**Exercise data**
........
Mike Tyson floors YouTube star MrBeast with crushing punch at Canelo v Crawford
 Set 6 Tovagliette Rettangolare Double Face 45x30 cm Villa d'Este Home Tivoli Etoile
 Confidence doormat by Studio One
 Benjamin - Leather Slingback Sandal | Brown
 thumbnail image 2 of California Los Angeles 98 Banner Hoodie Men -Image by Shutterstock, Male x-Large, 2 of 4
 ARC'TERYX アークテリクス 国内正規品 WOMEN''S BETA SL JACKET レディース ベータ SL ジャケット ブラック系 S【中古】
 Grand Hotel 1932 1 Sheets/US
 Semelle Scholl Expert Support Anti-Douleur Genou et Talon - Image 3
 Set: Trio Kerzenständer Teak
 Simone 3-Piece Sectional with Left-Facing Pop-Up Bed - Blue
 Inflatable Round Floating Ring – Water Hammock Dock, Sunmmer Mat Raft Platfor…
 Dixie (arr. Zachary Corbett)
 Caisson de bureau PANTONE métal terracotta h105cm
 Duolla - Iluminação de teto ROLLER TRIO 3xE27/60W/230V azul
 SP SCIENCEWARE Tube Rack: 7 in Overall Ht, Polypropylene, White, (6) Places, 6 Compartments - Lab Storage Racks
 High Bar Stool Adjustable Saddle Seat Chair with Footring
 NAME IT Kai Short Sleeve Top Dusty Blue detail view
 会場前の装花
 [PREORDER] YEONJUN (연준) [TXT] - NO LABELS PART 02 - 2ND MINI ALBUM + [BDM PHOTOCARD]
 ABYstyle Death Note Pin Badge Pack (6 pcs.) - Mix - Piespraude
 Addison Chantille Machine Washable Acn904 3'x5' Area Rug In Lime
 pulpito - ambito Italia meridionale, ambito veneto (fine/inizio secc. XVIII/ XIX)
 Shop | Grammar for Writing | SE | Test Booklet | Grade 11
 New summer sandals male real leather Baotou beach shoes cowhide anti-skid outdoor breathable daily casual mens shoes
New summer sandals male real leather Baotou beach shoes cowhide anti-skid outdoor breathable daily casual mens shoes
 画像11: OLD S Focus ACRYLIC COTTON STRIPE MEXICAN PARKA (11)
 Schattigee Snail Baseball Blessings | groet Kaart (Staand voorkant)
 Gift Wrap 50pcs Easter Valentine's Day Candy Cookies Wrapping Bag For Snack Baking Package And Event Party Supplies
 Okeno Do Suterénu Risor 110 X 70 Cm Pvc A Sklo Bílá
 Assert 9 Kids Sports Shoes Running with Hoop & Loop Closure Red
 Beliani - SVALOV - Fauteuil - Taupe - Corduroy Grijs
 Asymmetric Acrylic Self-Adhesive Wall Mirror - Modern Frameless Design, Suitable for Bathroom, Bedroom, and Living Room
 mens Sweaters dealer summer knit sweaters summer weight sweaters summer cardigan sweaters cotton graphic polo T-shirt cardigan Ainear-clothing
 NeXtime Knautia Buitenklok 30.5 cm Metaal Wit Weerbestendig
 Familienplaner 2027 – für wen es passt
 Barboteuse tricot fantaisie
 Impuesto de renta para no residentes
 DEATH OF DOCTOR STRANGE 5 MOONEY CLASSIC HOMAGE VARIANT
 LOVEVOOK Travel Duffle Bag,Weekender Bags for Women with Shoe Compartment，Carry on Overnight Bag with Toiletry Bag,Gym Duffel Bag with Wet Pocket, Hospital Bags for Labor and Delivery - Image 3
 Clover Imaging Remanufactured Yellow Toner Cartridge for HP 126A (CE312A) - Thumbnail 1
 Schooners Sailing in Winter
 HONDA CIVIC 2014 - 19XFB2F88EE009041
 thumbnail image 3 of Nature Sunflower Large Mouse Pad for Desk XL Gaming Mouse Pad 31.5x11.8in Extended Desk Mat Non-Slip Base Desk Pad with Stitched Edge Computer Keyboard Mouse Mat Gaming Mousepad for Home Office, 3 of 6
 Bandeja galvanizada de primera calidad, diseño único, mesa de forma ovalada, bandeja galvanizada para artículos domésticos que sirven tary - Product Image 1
........
**What needs to be done**
Look for the word "Baotou". Copy out every line of the data that has it.

**Task result**
 New summer sandals male real leather Baotou beach shoes cowhide anti-skid outdoor breathable daily casual mens shoes
New summer sandals male real leather Baotou beach shoes cowhide anti-skid outdoor breathable daily casual mens shoes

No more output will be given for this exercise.